This 1842 number by Giuseppe Verdi is a four act opera, set to a libretto by Temistocle Solera, and based on the biblical account of the exile of the Jews into slavery by the King of Babylon, Nabucco, better known in English as Nebuchadnezzar.

This opera contains examples of:

  • A God Am I: At the end of Act II, Nabucco declares himself a god. A bolt of lightning promptly strikes him and drives him insane, which lasts until he performs his Heel–Faith Turn and worships the God of Israel.
  • Adapted Out: Despite the opera being based on an episode from the Book of Daniel, the said prophet plays no part of the story let alone appears.
  • Adoption Angst: Abigaille discovers she's not Nabucco's biological daughter and she was instead the child of slaves. She doesn't take it well at all.
  • Antagonist Title: Nabucco is the titular antagonist, the king of Babylon. Subverted at the half-point when Nabucco begins his Heel–Face Turn and Abigaille solidifies herself as the true antagonist.
  • Badass Preacher: Zaccaria, the Jewish High Priest, who isn't above taking up a weapon and openly defies Nabucco even while in captivity.
  • Blasphemous Boast: In Act II, Nabucco declares that he has surpassed both Baal and Jehovah, and demands that he be worshipped as a God, going so far as force his own daughter to prostrate herself. It doesn't end well.

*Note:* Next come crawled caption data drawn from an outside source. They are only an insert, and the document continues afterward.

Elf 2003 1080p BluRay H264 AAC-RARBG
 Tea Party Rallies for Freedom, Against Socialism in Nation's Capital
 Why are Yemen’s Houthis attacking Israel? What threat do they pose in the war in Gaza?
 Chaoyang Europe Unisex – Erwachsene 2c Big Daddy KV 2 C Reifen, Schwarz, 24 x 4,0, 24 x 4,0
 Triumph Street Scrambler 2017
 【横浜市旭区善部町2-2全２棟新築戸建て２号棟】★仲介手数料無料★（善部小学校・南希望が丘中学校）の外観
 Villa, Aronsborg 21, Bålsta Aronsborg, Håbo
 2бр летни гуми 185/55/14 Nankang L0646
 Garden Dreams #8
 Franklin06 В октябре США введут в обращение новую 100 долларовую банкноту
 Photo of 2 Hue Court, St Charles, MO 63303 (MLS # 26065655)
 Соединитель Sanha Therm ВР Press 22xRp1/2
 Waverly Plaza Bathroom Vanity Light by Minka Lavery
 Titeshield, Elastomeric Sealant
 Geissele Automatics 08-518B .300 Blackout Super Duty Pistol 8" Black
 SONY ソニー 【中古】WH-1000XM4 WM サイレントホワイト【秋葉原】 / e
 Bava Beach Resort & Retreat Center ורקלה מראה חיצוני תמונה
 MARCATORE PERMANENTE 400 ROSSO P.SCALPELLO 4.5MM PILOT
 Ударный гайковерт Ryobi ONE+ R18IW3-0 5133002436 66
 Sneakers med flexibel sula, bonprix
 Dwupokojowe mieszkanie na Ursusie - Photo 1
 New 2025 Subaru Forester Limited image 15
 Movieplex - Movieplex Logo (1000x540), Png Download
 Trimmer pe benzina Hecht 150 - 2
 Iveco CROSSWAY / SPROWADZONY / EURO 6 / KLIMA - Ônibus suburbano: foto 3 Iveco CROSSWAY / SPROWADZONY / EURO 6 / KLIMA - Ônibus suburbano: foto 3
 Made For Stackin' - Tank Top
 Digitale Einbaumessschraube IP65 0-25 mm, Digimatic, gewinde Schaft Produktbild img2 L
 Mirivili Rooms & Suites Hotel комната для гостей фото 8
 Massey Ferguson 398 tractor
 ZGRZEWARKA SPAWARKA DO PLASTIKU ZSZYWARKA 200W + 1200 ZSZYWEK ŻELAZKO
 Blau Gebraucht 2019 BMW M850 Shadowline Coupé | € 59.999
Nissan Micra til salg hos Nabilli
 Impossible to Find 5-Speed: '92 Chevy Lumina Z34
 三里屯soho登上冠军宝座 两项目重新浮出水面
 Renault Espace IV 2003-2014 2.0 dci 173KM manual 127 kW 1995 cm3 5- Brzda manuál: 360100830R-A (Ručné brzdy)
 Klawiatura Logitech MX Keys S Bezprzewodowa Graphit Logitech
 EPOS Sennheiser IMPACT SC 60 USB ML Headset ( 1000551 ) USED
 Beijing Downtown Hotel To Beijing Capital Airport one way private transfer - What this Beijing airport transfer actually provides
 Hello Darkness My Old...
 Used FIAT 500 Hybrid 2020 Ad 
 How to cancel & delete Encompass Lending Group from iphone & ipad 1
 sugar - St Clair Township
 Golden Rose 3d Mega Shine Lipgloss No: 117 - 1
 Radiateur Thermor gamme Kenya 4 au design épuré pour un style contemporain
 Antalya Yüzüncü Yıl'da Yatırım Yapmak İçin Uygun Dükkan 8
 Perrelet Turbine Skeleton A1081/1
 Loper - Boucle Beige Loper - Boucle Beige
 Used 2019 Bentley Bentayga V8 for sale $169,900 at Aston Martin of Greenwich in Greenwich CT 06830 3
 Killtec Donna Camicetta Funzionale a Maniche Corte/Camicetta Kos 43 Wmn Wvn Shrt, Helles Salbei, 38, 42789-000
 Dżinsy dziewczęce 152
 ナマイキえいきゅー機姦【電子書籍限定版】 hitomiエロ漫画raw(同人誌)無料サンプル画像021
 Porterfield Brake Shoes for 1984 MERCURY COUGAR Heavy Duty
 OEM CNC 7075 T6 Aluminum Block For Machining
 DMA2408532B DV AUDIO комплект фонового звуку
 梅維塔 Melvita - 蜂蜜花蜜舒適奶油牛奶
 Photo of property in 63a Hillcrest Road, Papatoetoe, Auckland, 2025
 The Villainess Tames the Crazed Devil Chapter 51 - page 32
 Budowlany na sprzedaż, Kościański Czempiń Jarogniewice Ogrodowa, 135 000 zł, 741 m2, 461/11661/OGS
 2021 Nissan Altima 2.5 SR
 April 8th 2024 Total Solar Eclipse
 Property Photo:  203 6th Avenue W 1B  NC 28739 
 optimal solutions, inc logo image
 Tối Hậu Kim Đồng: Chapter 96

  • Bolt of Divine Retribution: Nabucco declares himself the one true god and is promptly driven mad by phantoms.
  • Cain and Abel: Ambitious (and therefore evil) Abigaille and the younger Fenena, albeit Not Blood Siblings.
  • Converting for Love: Nabucco's younger daughter Fenena, who falls in love with Ismaele and converts to Judaism.
  • Daddy's Little Villain: Abigaille is Nebucco's ambitious adopted daughter, who is willing to resort to deceit and bloodshed to claim the throne.
  • Decoy Protagonist: Ismaele, the young commander of the good guys who's also involved in a romance with Nabucco's younger daughter, is seemingly set up as the protagonist at the beginning, but later on the focus switches to Nabucco himself after he recovers from his Heel–Faith Turn.
  • Determinator: Zaccaria. No matter what Nabucco does to him and the Jews, he never gives up.
  • Even Evil Has Loved Ones: Genocidal warlord he may be, but when Nabucco learns that Abigaille intends to have his daughter Fenena executed, he pleads for her life, declaring she may have his throne and his kingdom, if she only spares Fenena.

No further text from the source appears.